Segment Start: RECORDS TO PROCESS

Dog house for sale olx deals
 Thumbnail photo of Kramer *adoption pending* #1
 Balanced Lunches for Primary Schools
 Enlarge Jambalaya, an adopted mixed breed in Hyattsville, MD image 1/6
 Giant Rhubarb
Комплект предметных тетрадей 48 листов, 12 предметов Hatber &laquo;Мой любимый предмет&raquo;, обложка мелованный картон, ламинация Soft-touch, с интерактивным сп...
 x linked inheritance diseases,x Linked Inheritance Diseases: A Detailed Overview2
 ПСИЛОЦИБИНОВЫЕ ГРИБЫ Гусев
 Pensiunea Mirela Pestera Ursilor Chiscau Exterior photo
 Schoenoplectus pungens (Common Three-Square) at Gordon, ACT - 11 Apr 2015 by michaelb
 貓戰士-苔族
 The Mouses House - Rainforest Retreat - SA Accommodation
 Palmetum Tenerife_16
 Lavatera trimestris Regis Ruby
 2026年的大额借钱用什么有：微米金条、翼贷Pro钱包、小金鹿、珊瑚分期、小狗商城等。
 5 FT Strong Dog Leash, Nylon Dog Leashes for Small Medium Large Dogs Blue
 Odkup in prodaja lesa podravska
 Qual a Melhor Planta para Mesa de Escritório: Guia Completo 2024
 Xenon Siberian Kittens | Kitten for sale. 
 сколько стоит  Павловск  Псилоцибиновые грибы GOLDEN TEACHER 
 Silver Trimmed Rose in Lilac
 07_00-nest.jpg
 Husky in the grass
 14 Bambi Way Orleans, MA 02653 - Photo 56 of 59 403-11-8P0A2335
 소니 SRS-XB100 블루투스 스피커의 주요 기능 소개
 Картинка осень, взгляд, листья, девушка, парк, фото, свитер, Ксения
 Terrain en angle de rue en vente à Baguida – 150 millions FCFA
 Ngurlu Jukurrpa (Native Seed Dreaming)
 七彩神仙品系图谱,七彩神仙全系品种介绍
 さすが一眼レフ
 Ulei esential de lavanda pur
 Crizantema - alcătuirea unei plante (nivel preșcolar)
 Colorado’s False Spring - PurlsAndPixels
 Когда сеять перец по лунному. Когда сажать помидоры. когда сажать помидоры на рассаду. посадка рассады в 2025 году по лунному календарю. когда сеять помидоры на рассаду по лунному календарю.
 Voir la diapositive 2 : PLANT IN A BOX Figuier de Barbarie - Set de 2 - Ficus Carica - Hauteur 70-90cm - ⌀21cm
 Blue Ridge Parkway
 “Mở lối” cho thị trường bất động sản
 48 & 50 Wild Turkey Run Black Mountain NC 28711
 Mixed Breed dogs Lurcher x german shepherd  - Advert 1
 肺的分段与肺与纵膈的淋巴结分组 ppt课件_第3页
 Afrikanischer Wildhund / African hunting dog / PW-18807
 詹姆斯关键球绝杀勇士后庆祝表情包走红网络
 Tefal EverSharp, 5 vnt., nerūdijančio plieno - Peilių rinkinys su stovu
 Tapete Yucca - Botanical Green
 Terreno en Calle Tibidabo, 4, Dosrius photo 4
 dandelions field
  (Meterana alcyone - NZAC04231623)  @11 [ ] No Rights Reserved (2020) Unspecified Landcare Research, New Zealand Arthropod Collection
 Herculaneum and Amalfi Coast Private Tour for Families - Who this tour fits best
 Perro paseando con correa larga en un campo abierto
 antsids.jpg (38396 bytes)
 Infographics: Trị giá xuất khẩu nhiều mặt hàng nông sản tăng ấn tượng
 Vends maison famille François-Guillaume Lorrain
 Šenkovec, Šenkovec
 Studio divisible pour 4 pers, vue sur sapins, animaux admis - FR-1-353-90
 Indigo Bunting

Segment End: RECORDS TO PROCESS

▸ TRY IT:
Check every line above for the string "Blue" and copy those that have it.

▸ RESULT OF THE TASK:
 5 FT Strong Dog Leash, Nylon Dog Leashes for Small Medium Large Dogs Blue
 Blue Ridge Parkway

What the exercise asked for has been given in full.